Really makes you question everyone pointing at police unions as a big part of the problem.

6

flipshod wrote

But they really are.

Many years ago when I was a fresh new lawyer who did a lot of insurance defense work, I was hired by a cop union liability carrier to shield some racist cops from a wrongful arrest case and used the qualified immunity defense all the way up to no cert. at SCOTUS. I did the immoral thing and cut ties with the client after being disgusted by them even in simple conversations. (you can't just drop a case midstream)

That alone is enough to make them a big part of the problem.

6

hogposting wrote

A wrongful arrest case (was that a Section 1983 suit?) presumably from a private plaintiff is not the same as a department firing one of its own officers, which is what this article is about. If your local PD wants to fire one of its cops the union might dispute that, but I don't think the union would be able to make a qualified immunity argument, for instance. My understanding is it's more of a labor and employment matter at that point. If you know better, I would genuinely love to hear your thoughts on this.

And even if unions do have tremendous power to fight the firing of one of their members, clearly they have discretion not to use that power to fight every single firing (the union in this article doesn't appear to have fought for this cop's job, for instance). So there's a world where you can have police unions, but they choose not to defend murderers in their ranks, much like the SEIU or any other union wouldn't go to the mat to keep the job of one of their members who murdered someone on the job.

1

[deleted] wrote

5

hogposting wrote

The article doesn't mention anything about the union's involvement (or lack thereof) in this firing.
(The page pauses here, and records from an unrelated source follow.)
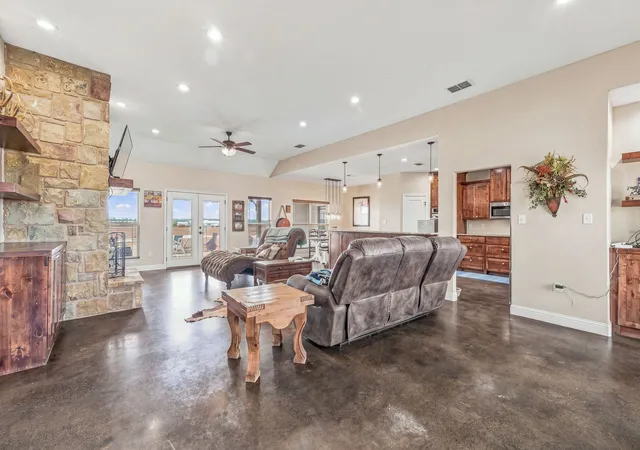 Photo 4 of Single family home for sale at 265 Private Rd 1728, Stephenville, TX 76401 | MLS# 21384833 | Listing updated on 2026-09-15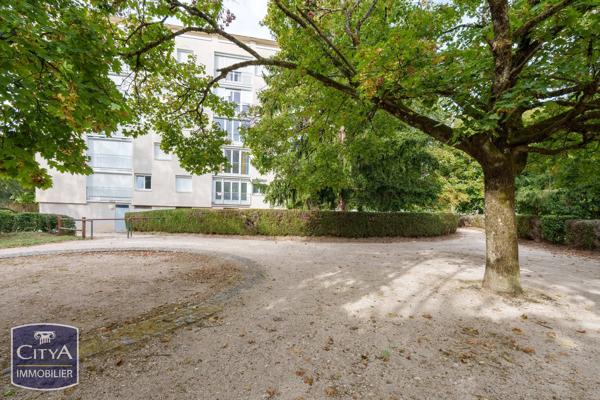 Appartement à vendre 4 pièces 74.65m² Chevigny-Saint-Sauveur (21800)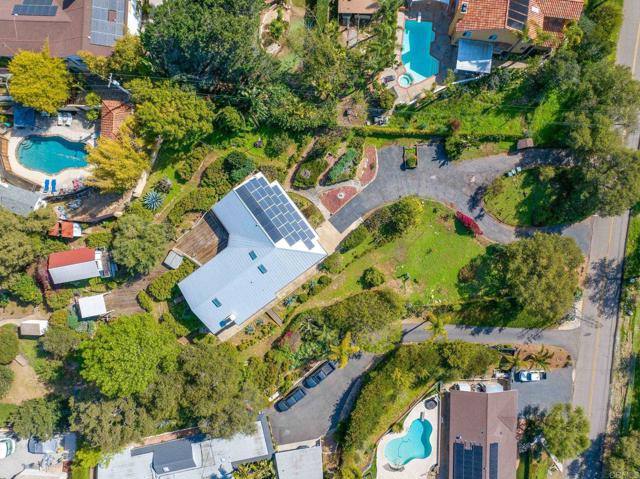 1628 Lone Oak Rd, Vista CA: https://media.crmls.org/mediaz/14f7dd77-578d-40b3-80f1-3413e39fd5c1.jpg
The possibilities seem to be:

  1. You can in fact fire a cop and the police union isn't some all-powerful entity that can stop that process on a whim, or
  2. The police union can choose to not fight firings in certain circumstances.

If (1) is true -- and it makes a certain amount of sense -- then this should be the go-to reply to reactionaries who are trying to derail this issue into an anti-union crusade. If (2) is true, then again, the problem isn't really police unions, as one can imagine a world where police unions (like literally every other union) will choose not to fight when a murderer in their ranks gets fired.